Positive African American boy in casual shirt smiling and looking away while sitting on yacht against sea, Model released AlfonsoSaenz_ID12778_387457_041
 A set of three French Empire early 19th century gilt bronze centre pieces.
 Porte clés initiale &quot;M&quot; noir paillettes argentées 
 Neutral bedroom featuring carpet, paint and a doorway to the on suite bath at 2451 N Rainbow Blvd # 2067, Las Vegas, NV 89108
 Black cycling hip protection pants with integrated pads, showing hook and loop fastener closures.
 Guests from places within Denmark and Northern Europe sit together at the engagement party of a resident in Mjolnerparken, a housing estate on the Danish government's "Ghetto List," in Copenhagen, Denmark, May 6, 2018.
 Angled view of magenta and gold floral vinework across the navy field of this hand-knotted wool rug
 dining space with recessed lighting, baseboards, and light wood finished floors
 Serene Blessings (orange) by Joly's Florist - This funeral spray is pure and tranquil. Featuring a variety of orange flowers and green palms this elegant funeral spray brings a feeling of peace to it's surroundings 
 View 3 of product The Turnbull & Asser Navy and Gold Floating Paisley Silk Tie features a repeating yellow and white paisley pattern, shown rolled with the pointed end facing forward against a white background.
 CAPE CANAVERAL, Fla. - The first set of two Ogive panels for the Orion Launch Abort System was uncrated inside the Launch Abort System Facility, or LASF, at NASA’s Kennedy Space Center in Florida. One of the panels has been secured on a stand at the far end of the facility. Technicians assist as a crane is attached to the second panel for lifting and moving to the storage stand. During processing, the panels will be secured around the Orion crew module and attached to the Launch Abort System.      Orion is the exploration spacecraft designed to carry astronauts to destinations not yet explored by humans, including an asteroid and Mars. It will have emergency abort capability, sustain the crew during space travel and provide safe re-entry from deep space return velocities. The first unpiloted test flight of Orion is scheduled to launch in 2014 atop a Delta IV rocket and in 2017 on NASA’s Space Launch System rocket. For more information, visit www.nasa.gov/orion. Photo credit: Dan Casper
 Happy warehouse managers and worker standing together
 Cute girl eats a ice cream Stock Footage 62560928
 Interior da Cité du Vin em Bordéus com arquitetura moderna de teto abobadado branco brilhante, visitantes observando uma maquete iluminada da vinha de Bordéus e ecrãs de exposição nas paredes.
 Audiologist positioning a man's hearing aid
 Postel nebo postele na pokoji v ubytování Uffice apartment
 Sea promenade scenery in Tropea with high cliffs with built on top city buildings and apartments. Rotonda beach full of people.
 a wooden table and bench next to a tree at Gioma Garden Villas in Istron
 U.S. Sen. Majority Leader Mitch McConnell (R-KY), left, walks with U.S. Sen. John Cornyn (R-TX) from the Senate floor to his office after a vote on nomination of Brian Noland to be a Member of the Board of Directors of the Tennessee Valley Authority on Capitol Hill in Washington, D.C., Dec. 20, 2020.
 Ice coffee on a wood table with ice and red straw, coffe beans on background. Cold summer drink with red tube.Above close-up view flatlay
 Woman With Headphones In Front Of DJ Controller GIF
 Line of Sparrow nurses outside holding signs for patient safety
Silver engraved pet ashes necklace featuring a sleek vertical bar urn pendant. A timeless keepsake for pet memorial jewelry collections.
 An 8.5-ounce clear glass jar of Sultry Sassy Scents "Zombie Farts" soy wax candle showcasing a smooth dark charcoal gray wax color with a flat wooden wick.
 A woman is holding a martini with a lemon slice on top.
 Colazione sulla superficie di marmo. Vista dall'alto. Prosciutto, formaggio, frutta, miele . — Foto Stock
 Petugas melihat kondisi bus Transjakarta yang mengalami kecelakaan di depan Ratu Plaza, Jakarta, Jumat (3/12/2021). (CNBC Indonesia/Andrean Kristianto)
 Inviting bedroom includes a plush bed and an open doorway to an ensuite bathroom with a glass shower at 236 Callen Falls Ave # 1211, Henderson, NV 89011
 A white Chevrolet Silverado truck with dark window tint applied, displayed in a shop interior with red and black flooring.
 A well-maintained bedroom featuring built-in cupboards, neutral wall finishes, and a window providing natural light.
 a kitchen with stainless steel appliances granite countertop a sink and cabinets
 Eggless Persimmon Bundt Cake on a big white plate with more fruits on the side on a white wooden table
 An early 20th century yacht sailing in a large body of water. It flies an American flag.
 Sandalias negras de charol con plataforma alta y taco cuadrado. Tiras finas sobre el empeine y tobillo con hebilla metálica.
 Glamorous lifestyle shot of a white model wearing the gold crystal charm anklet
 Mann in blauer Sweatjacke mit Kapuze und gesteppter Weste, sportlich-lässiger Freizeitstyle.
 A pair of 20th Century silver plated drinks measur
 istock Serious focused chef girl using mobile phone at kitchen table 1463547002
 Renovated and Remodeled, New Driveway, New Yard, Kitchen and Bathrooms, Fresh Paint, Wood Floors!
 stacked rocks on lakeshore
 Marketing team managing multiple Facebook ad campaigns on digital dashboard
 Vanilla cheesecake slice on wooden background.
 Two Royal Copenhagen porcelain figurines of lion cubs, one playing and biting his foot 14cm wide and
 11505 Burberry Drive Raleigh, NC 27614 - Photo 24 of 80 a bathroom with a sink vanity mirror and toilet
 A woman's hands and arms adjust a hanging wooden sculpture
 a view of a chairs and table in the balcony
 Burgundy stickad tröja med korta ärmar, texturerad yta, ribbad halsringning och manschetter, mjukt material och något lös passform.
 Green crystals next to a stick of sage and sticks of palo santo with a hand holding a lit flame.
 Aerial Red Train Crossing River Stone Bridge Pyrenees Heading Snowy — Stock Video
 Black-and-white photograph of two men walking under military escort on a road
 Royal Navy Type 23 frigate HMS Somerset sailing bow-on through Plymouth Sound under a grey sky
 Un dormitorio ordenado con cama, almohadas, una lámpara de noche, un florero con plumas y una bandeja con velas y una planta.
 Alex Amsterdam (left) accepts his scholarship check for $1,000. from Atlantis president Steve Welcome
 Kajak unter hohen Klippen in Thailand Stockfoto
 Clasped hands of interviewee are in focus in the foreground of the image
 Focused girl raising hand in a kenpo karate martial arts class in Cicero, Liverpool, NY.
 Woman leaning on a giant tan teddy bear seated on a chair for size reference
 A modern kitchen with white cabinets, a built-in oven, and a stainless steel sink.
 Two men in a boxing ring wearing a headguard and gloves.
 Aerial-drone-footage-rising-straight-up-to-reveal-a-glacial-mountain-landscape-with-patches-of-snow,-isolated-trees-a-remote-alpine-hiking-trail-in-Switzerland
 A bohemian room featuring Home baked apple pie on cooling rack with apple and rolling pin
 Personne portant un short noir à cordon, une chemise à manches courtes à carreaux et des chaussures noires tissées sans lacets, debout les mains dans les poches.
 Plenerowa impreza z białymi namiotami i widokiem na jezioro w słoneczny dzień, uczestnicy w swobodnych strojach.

What is required: From the records above, extract everything verbatim.

Written answer:
Positive African American boy in casual shirt smiling and looking away while sitting on yacht against sea, Model released AlfonsoSaenz_ID12778_387457_041
 A set of three French Empire early 19th century gilt bronze centre pieces.
 Porte clés initiale &quot;M&quot; noir paillettes argentées 
 Neutral bedroom featuring carpet, paint and a doorway to the on suite bath at 2451 N Rainbow Blvd # 2067, Las Vegas, NV 89108
 Black cycling hip protection pants with integrated pads, showing hook and loop fastener closures.
 Guests from places within Denmark and Northern Europe sit together at the engagement party of a resident in Mjolnerparken, a housing estate on the Danish government's "Ghetto List," in Copenhagen, Denmark, May 6, 2018.
 Angled view of magenta and gold floral vinework across the navy field of this hand-knotted wool rug
 dining space with recessed lighting, baseboards, and light wood finished floors
 Serene Blessings (orange) by Joly's Florist - This funeral spray is pure and tranquil. Featuring a variety of orange flowers and green palms this elegant funeral spray brings a feeling of peace to it's surroundings 
 View 3 of product The Turnbull & Asser Navy and Gold Floating Paisley Silk Tie features a repeating yellow and white paisley pattern, shown rolled with the pointed end facing forward against a white background.
 CAPE CANAVERAL, Fla. - The first set of two Ogive panels for the Orion Launch Abort System was uncrated inside the Launch Abort System Facility, or LASF, at NASA’s Kennedy Space Center in Florida. One of the panels has been secured on a stand at the far end of the facility. Technicians assist as a crane is attached to the second panel for lifting and moving to the storage stand. During processing, the panels will be secured around the Orion crew module and attached to the Launch Abort System.      Orion is the exploration spacecraft designed to carry astronauts to destinations not yet explored by humans, including an asteroid and Mars. It will have emergency abort capability, sustain the crew during space travel and provide safe re-entry from deep space return velocities. The first unpiloted test flight of Orion is scheduled to launch in 2014 atop a Delta IV rocket and in 2017 on NASA’s Space Launch System rocket. For more information, visit www.nasa.gov/orion. Photo credit: Dan Casper
 Happy warehouse managers and worker standing together
 Cute girl eats a ice cream Stock Footage 62560928
 Interior da Cité du Vin em Bordéus com arquitetura moderna de teto abobadado branco brilhante, visitantes observando uma maquete iluminada da vinha de Bordéus e ecrãs de exposição nas paredes.
 Audiologist positioning a man's hearing aid
 Postel nebo postele na pokoji v ubytování Uffice apartment
 Sea promenade scenery in Tropea with high cliffs with built on top city buildings and apartments. Rotonda beach full of people.
 a wooden table and bench next to a tree at Gioma Garden Villas in Istron
 U.S. Sen. Majority Leader Mitch McConnell (R-KY), left, walks with U.S. Sen. John Cornyn (R-TX) from the Senate floor to his office after a vote on nomination of Brian Noland to be a Member of the Board of Directors of the Tennessee Valley Authority on Capitol Hill in Washington, D.C., Dec. 20, 2020.
 Ice coffee on a wood table with ice and red straw, coffe beans on background. Cold summer drink with red tube.Above close-up view flatlay
 Woman With Headphones In Front Of DJ Controller GIF
 Line of Sparrow nurses outside holding signs for patient safety
Silver engraved pet ashes necklace featuring a sleek vertical bar urn pendant. A timeless keepsake for pet memorial jewelry collections.
 An 8.5-ounce clear glass jar of Sultry Sassy Scents "Zombie Farts" soy wax candle showcasing a smooth dark charcoal gray wax color with a flat wooden wick.
 A woman is holding a martini with a lemon slice on top.
 Colazione sulla superficie di marmo. Vista dall'alto. Prosciutto, formaggio, frutta, miele . — Foto Stock
 Petugas melihat kondisi bus Transjakarta yang mengalami kecelakaan di depan Ratu Plaza, Jakarta, Jumat (3/12/2021). (CNBC Indonesia/Andrean Kristianto)
 Inviting bedroom includes a plush bed and an open doorway to an ensuite bathroom with a glass shower at 236 Callen Falls Ave # 1211, Henderson, NV 89011
 A white Chevrolet Silverado truck with dark window tint applied, displayed in a shop interior with red and black flooring.
 A well-maintained bedroom featuring built-in cupboards, neutral wall finishes, and a window providing natural light.
 a kitchen with stainless steel appliances granite countertop a sink and cabinets
 Eggless Persimmon Bundt Cake on a big white plate with more fruits on the side on a white wooden table
 An early 20th century yacht sailing in a large body of water. It flies an American flag.
 Sandalias negras de charol con plataforma alta y taco cuadrado. Tiras finas sobre el empeine y tobillo con hebilla metálica.
 Glamorous lifestyle shot of a white model wearing the gold crystal charm anklet
 Mann in blauer Sweatjacke mit Kapuze und gesteppter Weste, sportlich-lässiger Freizeitstyle.
 A pair of 20th Century silver plated drinks measur
 istock Serious focused chef girl using mobile phone at kitchen table 1463547002
 Renovated and Remodeled, New Driveway, New Yard, Kitchen and Bathrooms, Fresh Paint, Wood Floors!
 stacked rocks on lakeshore
 Marketing team managing multiple Facebook ad campaigns on digital dashboard
 Vanilla cheesecake slice on wooden background.
 Two Royal Copenhagen porcelain figurines of lion cubs, one playing and biting his foot 14cm wide and
 11505 Burberry Drive Raleigh, NC 27614 - Photo 24 of 80 a bathroom with a sink vanity mirror and toilet
 A woman's hands and arms adjust a hanging wooden sculpture
 a view of a chairs and table in the balcony
 Burgundy stickad tröja med korta ärmar, texturerad yta, ribbad halsringning och manschetter, mjukt material och något lös passform.
 Green crystals next to a stick of sage and sticks of palo santo with a hand holding a lit flame.
 Aerial Red Train Crossing River Stone Bridge Pyrenees Heading Snowy — Stock Video
 Black-and-white photograph of two men walking under military escort on a road
 Royal Navy Type 23 frigate HMS Somerset sailing bow-on through Plymouth Sound under a grey sky
 Un dormitorio ordenado con cama, almohadas, una lámpara de noche, un florero con plumas y una bandeja con velas y una planta.
 Alex Amsterdam (left) accepts his scholarship check for $1,000. from Atlantis president Steve Welcome
 Kajak unter hohen Klippen in Thailand Stockfoto
 Clasped hands of interviewee are in focus in the foreground of the image
 Focused girl raising hand in a kenpo karate martial arts class in Cicero, Liverpool, NY.
 Woman leaning on a giant tan teddy bear seated on a chair for size reference
 A modern kitchen with white cabinets, a built-in oven, and a stainless steel sink.
 Two men in a boxing ring wearing a headguard and gloves.
 Aerial-drone-footage-rising-straight-up-to-reveal-a-glacial-mountain-landscape-with-patches-of-snow,-isolated-trees-a-remote-alpine-hiking-trail-in-Switzerland
 A bohemian room featuring Home baked apple pie on cooling rack with apple and rolling pin
 Personne portant un short noir à cordon, une chemise à manches courtes à carreaux et des chaussures noires tissées sans lacets, debout les mains dans les poches.
 Plenerowa impreza z białymi namiotami i widokiem na jezioro w słoneczny dzień, uczestnicy w swobodnych strojach.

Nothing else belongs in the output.